Some time ago an economist with whom I had an extensive exchange suggested that the best way to incentivize an energy transition would be to tax what we don't want and let the market do the rest. It was really such an elegant approach and an impractical one, I thought.
The economist's view was that if we don't want people to burn carbon-based fuels, then we should just tax those fuels heavily. What he opposed was any direct subsidies to alternatives such as wind, solar, and biomass. This would only serve to distort the economy, he said, and it is too hard to figure out the quickest path to an energy transition from the vantage point of a central government.
Indeed, one of the proposals before the U.S. Congress would be to tax carbon and rebate a substantial portion of the revenues to the taxpayers. This increasingly seems like a better idea than so-called "cap and trade" schemes which may not be able to cover all types of carbon-based energy and will likely be gamed by the same financial wizards on Wall Street that brought us the crash of 2008.
And so, I do agree with my economist acquaintance that taxation could be an elegant method for facilitating an energy transition. But is such taxation practical and even adequate? One might point to Europe where extremely high fuel taxes have been part of the reason that the average European uses one-half the amount of energy of the average American. Whether high fuel taxes could become a reality in the United States is an open question. So far no American politician has dared to propose a level of taxation comparable to Europe.
The main reason for this is that the United States still has enormous fossil fuel reserves and as a consequence a well-funded fossil fuel lobby that has a stranglehold on the U.S. Congress. Europe is now largely bereft of fossil fuels and therefore has a fossil fuel lobby without the necessary influence to prevent high energy taxes and heavy expenditures on public transportation.
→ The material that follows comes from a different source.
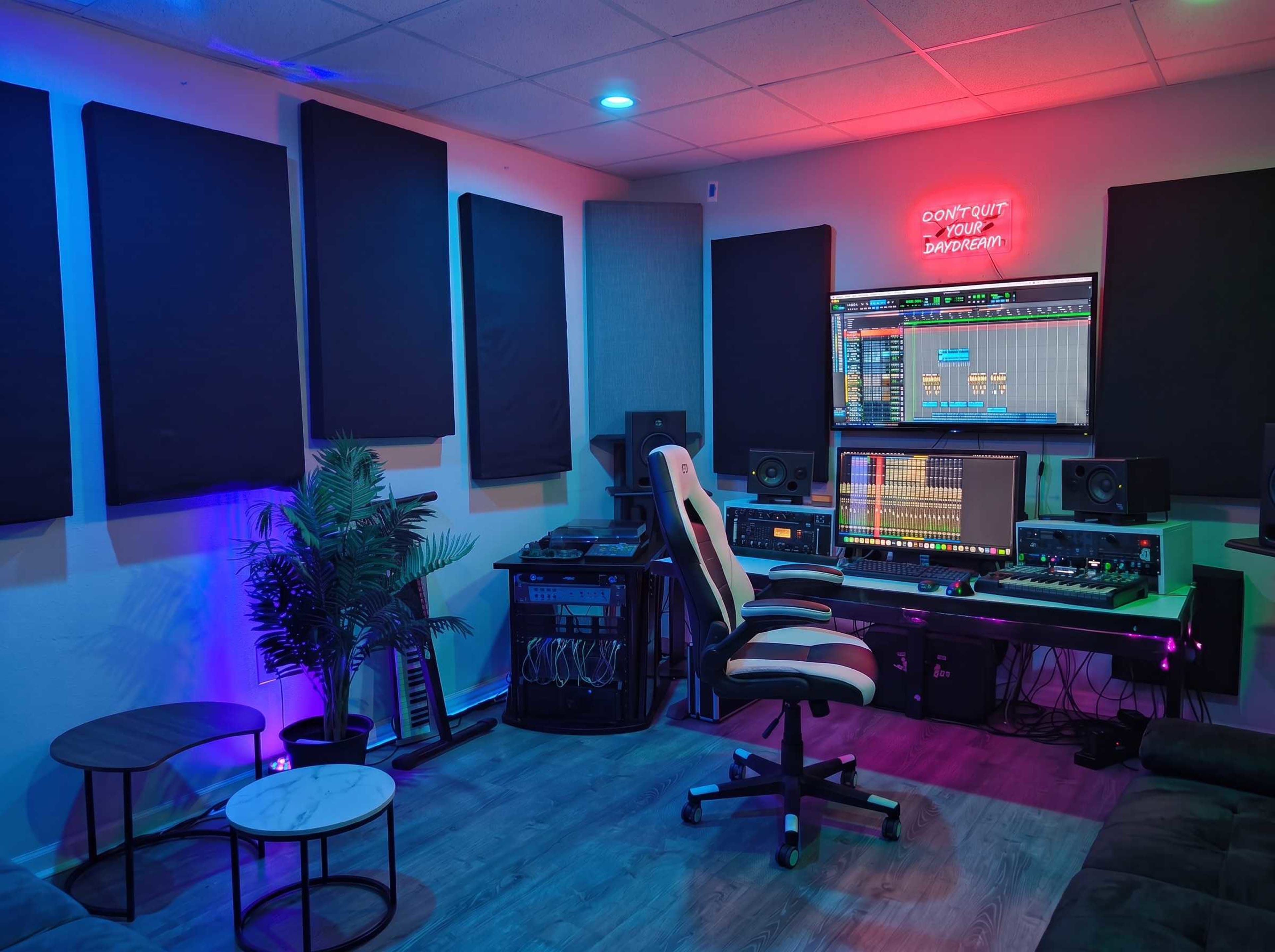 A music studio is set up with sound-absorbing panels, a computer workstation, and various audio equipment, illuminated by colorful lights.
And what about promoting public transportation? I asked my economist. If automobile and highway transportation had not been so heavily subsidized by the government, he explained, what we call public transportation today might have remained excellent and in private hands just as it was before automobiles supplanted rail and streetcar transportation. In addition, air travel has been heavily subsidized through airport construction and maintenance and a federally supervised air traffic control system. Take away all the subsidies, the economist suggested, and the price of air and automobile transport would rise to the point that privately maintained rail and bus transportation would likely be competitive.
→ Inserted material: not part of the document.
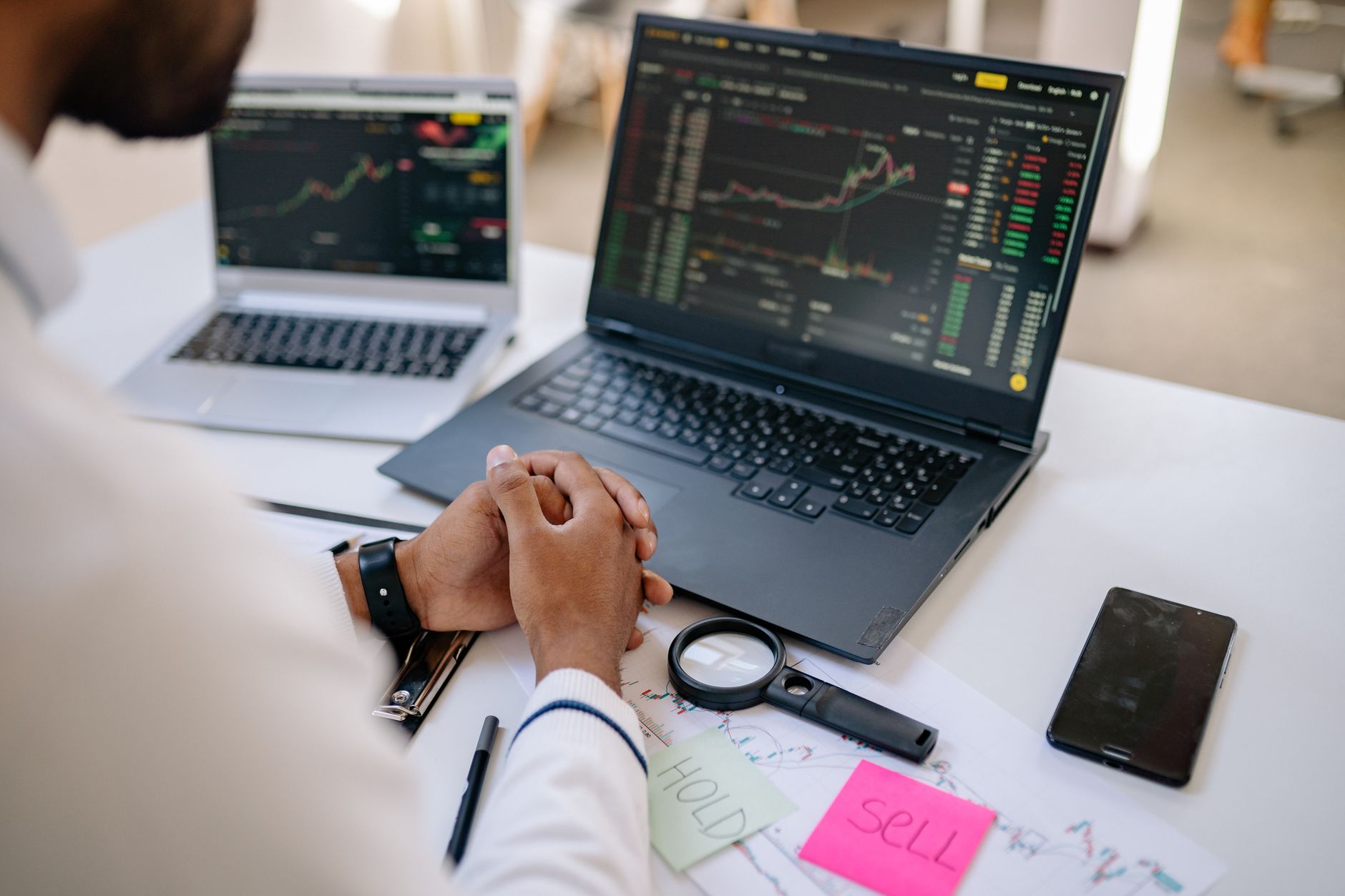 Pessoa analisando gráficos financeiros e cotações da moeda europeia em um computador portátil sobre uma mesa de madeira.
Perhaps. But we cannot run that movie backwards and start over again. The subsidized infrastructure for automobiles and airplanes is already in place. And, periodic attempts to hike energy taxes in the United States to achieve various objectives including reducing the federal deficit, reducing oil imports, increasing energy efficiency, and reducing pollution have only met with failure. In 1970 President Richard Nixon briefly entertained the idea of an oil import tariff, but then dropped it. In 1980 independent presidential candidate John Anderson proposed a 50-cent per gallon tax on gasoline and finished with just 7 percent of the popular vote. President Bill Clinton tried to tax fuels based on their BTU content. But the plan was ultimately shot down in the Senate. Certainly, some energy taxes have risen such as state gasoline taxes, but only to keep pace with the need to maintain and build roads and bridges which, of course, encourage yet more fossil fuel consumption. (And even the increases in these taxes have largely failed to keep pace with the need for repairs of America's crumbling transportation infrastructure.)
The only taxes in the United States which have risen sharply are those on things which the public has long since categorized as a menace. So-called "sin" taxes have been popular with state governments attempting to balance their budgets. For example, taxes on cigarettes have risen steeply in most states.
But it is probably a vain hope that Americans will come to regard our fossil fuel addiction to be as serious as our addiction to cigarettes and decide to levy high taxes both to discourage fossil fuel use and to encourage alternatives. Taxing fossil fuels heavily and ending subsidies that encourage their use would be an elegant approach for sure. But I believe such an approach continues to be politically very difficult to implement in the United States. Therefore, we in America must work with what is currently feasible--a hodgepodge of government subsidies and tax incentives for alternatives to fossil fuels and for energy efficiency that unfortunately are subject to attacks from the fossil fuel lobby on a regular basis.